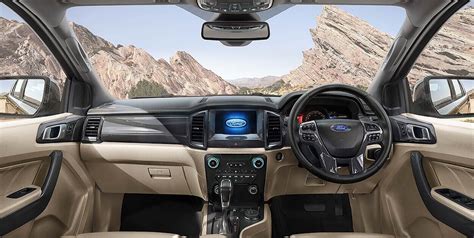 Ford Endeavour Photo, Interior Image - CarWale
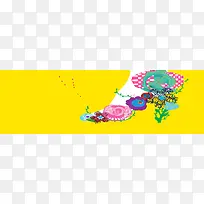 创意时尚背景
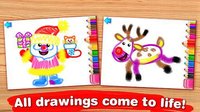 Drawing Christmas for Kids Drawing Games for Girls screenshot, image №1589799 - RAWG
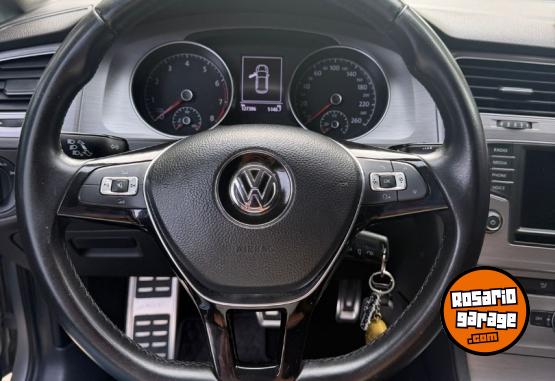 Autos - Volkswagen GOLF CONFORTLINE 1.4 2017 Nafta 127568Km - En Venta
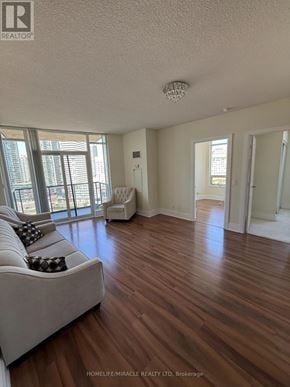 Mississauga (City Centre) condo for rent - 1704 - 330 BURNHAMTHORPE ROAD W 1704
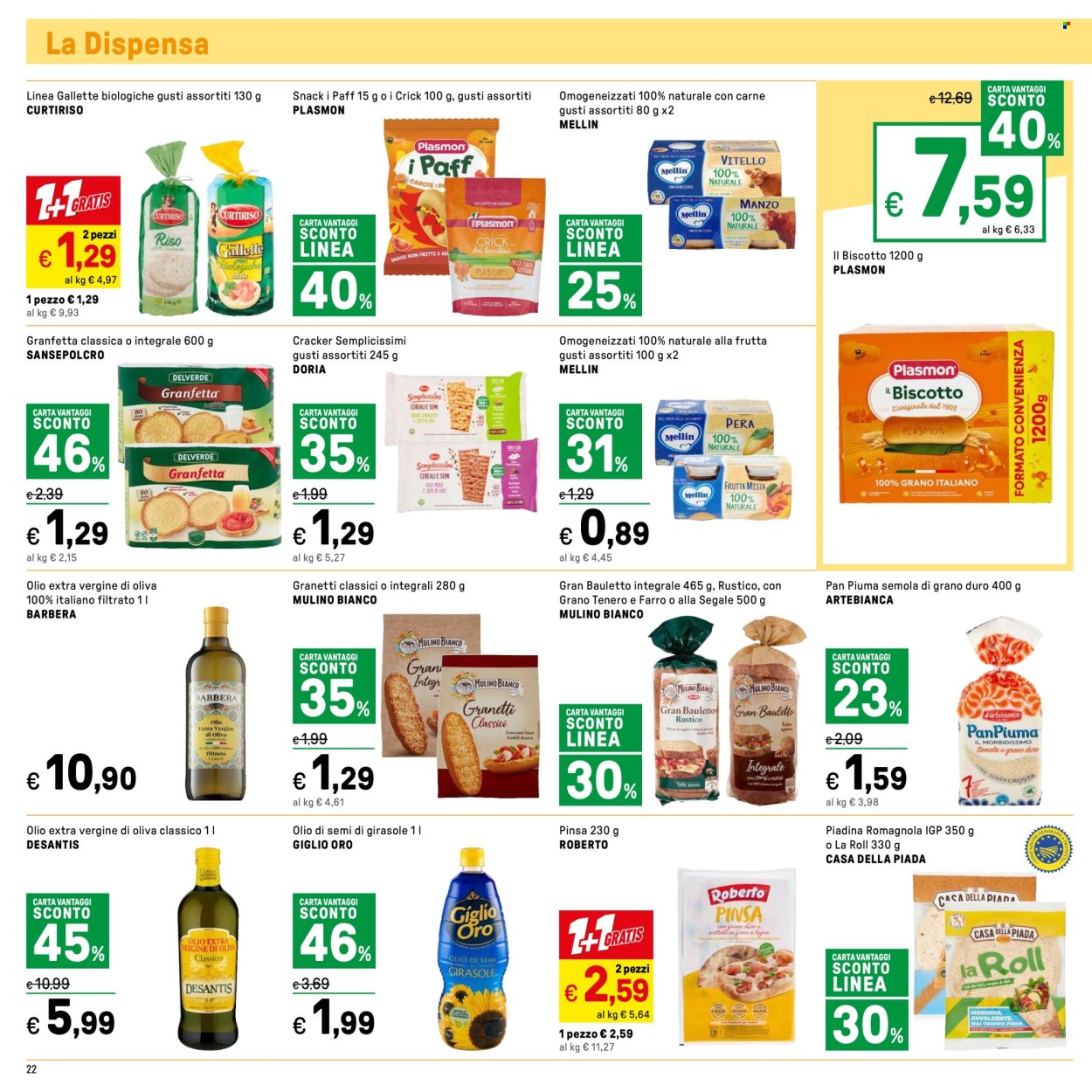 Volantino Iper, La grande i - 10/2/2025 - 23/2/2025. Pagina 24
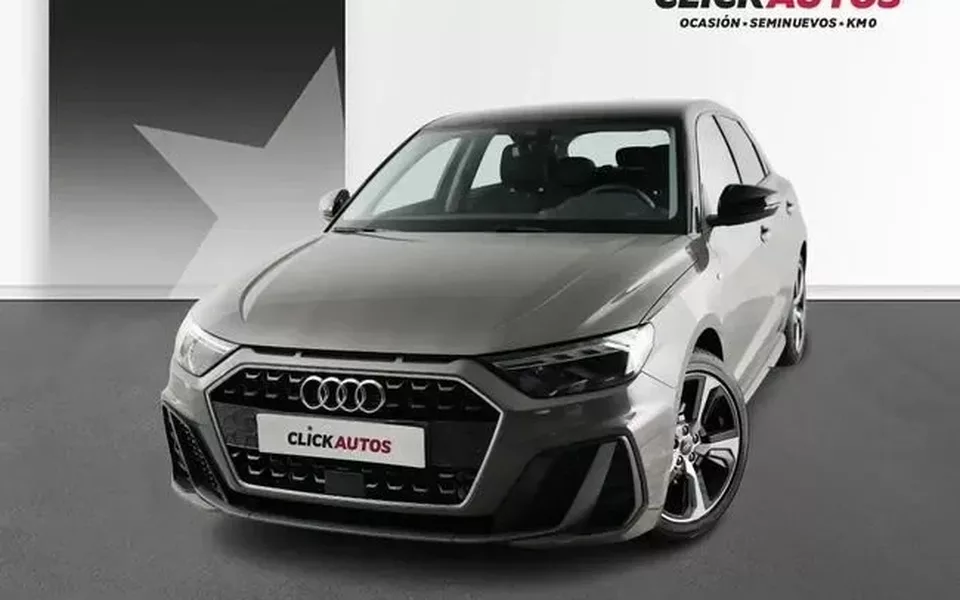 AUDI A1 1.0 TFSI 116CV Adrenalin Stronic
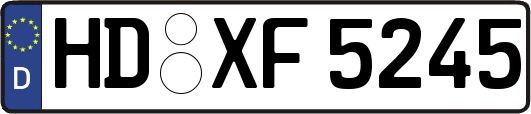 HD-XF5245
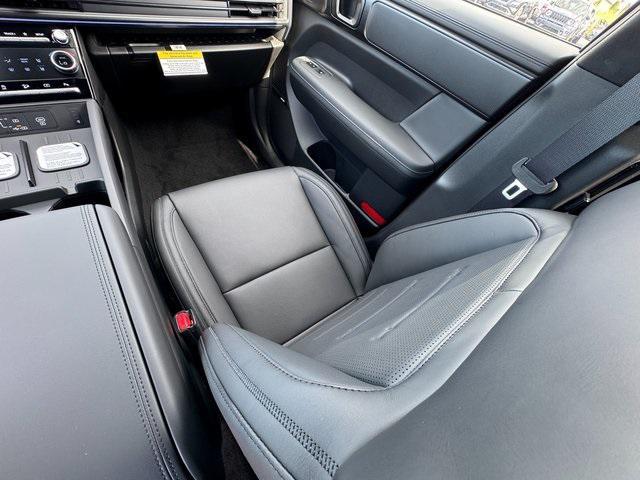 new 2026 Hyundai Santa Fe car, priced at $49,661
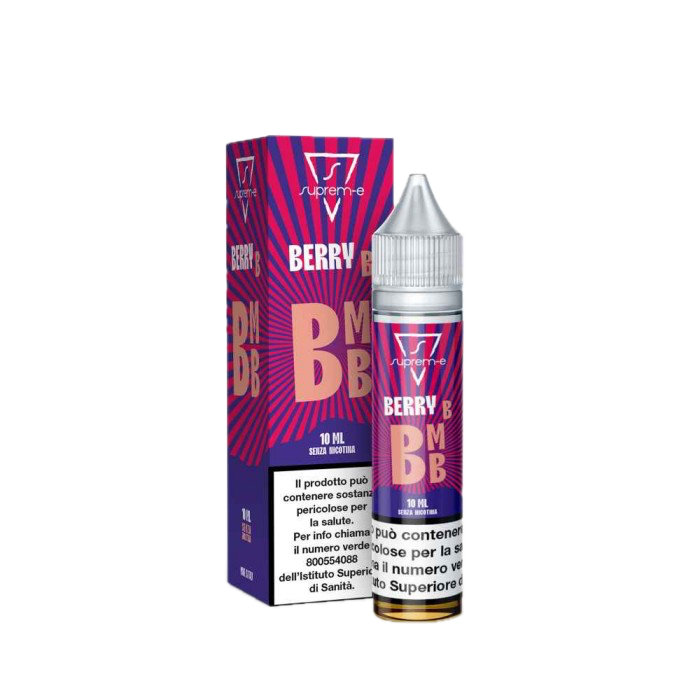 Berry Bomb Suprem-e Mini Shot 10+10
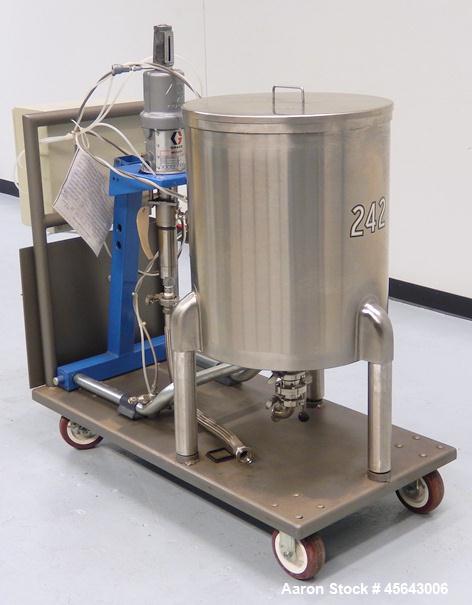 Used Graco Monarch Model 242 Spray System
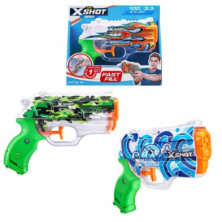 imagen 2 de pistola de agua x-shot skins nano fast-fill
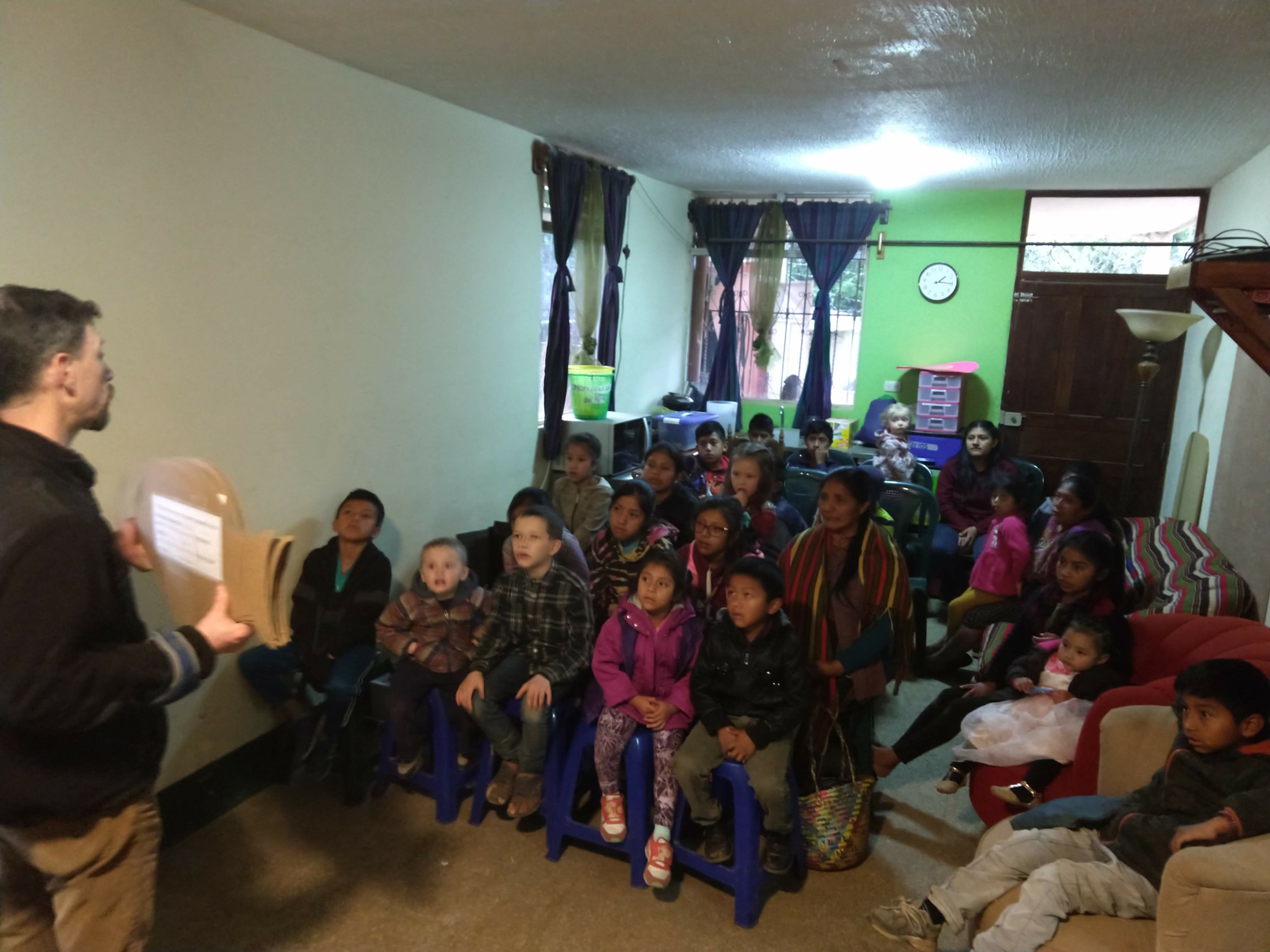 Little Disciples Christmas Party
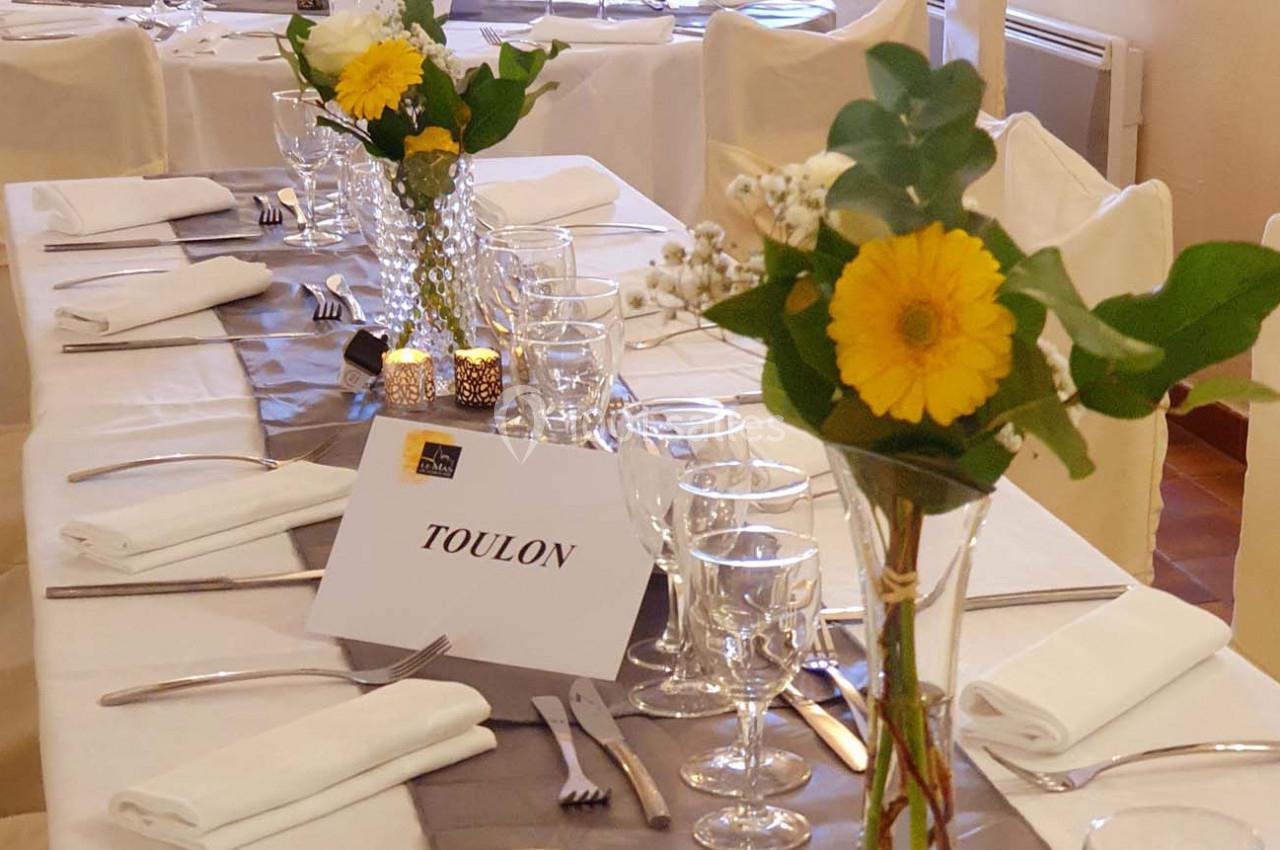 Location salle Gémenos (Bouches-du-Rhône) - Mas de Garguier #10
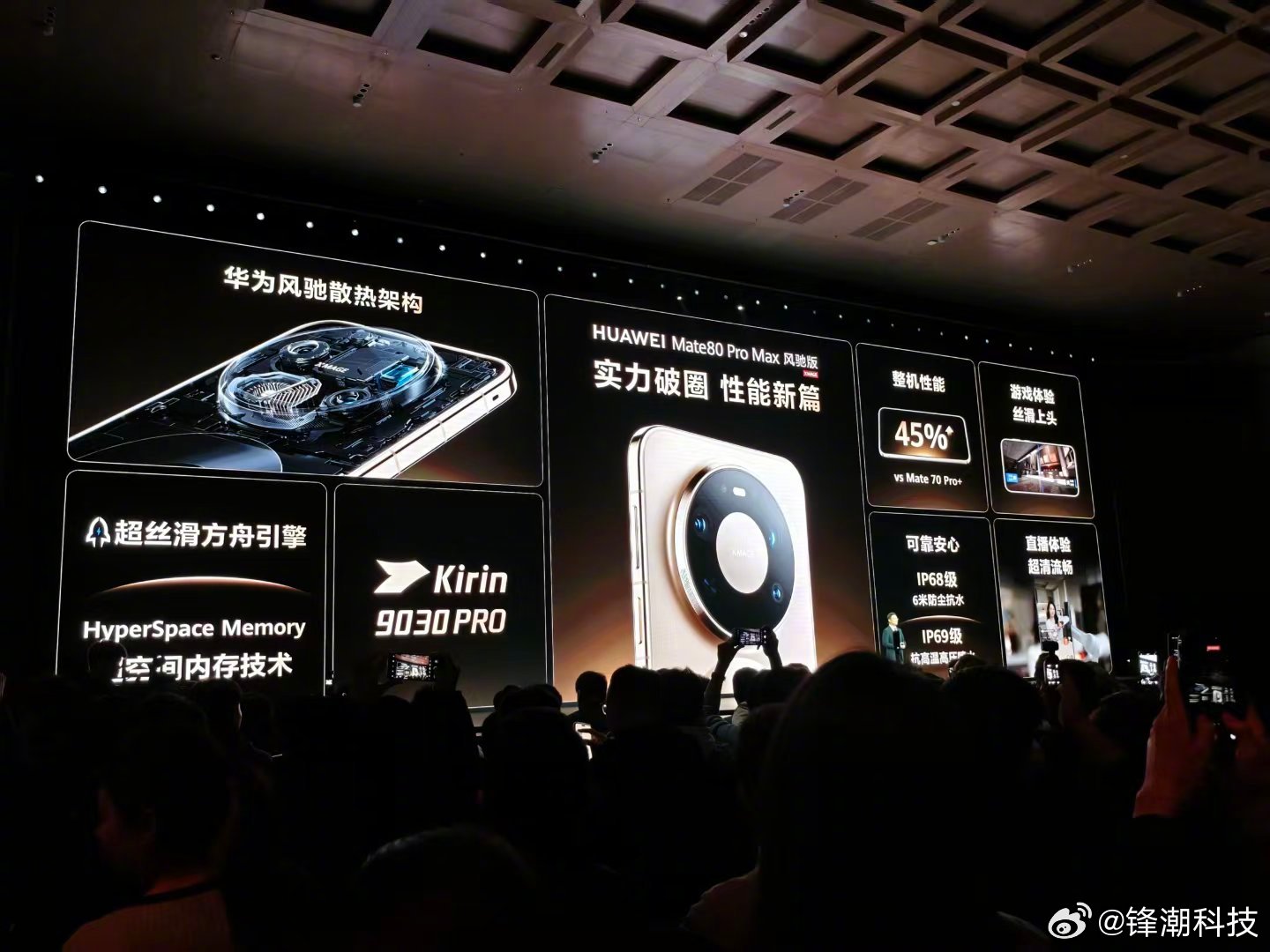 你可以叫它华为Mate80 Pro Max超高性能版。卖到8499起。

+++

▶ **Required action**:
Write out the whole listing above exactly; do not include the pictures.

▶ **Output for this task**:
 Ford Endeavour Photo, Interior Image - CarWale
 创意时尚背景
 Drawing Christmas for Kids Drawing Games for Girls screenshot, image №1589799 - RAWG
 Autos - Volkswagen GOLF CONFORTLINE 1.4 2017 Nafta 127568Km - En Venta
 Mississauga (City Centre) condo for rent - 1704 - 330 BURNHAMTHORPE ROAD W 1704
 Volantino Iper, La grande i - 10/2/2025 - 23/2/2025. Pagina 24
 AUDI A1 1.0 TFSI 116CV Adrenalin Stronic
 HD-XF5245
 new 2026 Hyundai Santa Fe car, priced at $49,661
 Berry Bomb Suprem-e Mini Shot 10+10
 Used Graco Monarch Model 242 Spray System
 imagen 2 de pistola de agua x-shot skins nano fast-fill
 Little Disciples Christmas Party
 Location salle Gémenos (Bouches-du-Rhône) - Mas de Garguier #10
 你可以叫它华为Mate80 Pro Max超高性能版。卖到8499起。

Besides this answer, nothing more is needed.